Data shown:
════════

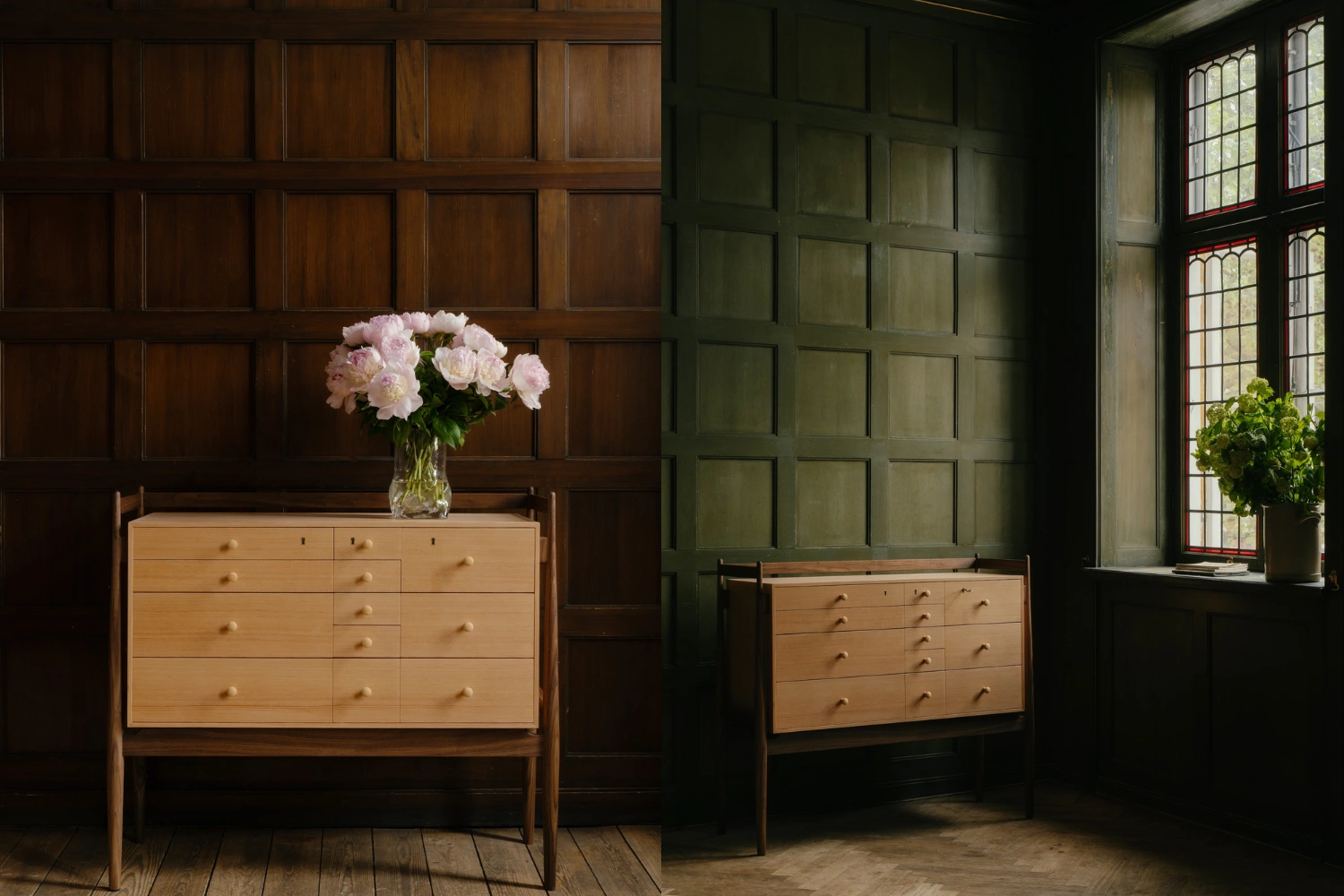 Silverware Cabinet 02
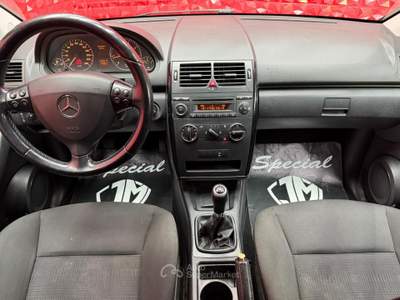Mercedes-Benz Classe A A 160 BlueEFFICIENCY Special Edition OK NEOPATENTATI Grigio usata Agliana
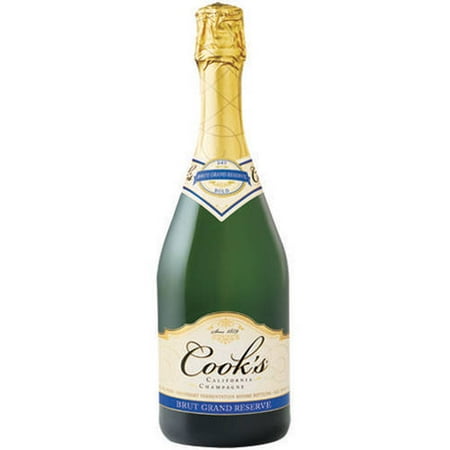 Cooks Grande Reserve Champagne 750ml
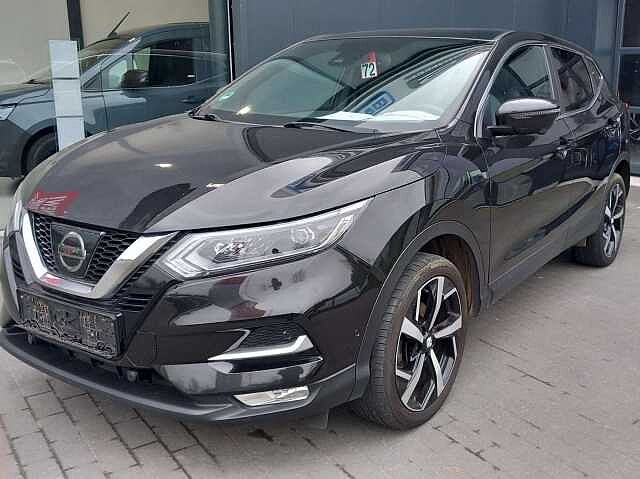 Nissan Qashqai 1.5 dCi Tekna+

════════

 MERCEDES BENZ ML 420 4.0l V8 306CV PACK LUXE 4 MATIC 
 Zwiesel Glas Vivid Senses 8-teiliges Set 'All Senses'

════════

Go back to the listing above and reproduce, exactly, the stretch from the line bearing "Silverware Cabinet 02" through the line bearing "Nissan Qashqai 1.5 dCi Tekna+", without its pictures.

 Silverware Cabinet 02
Mercedes-Benz Classe A A 160 BlueEFFICIENCY Special Edition OK NEOPATENTATI Grigio usata Agliana
 Cooks Grande Reserve Champagne 750ml
 Nissan Qashqai 1.5 dCi Tekna+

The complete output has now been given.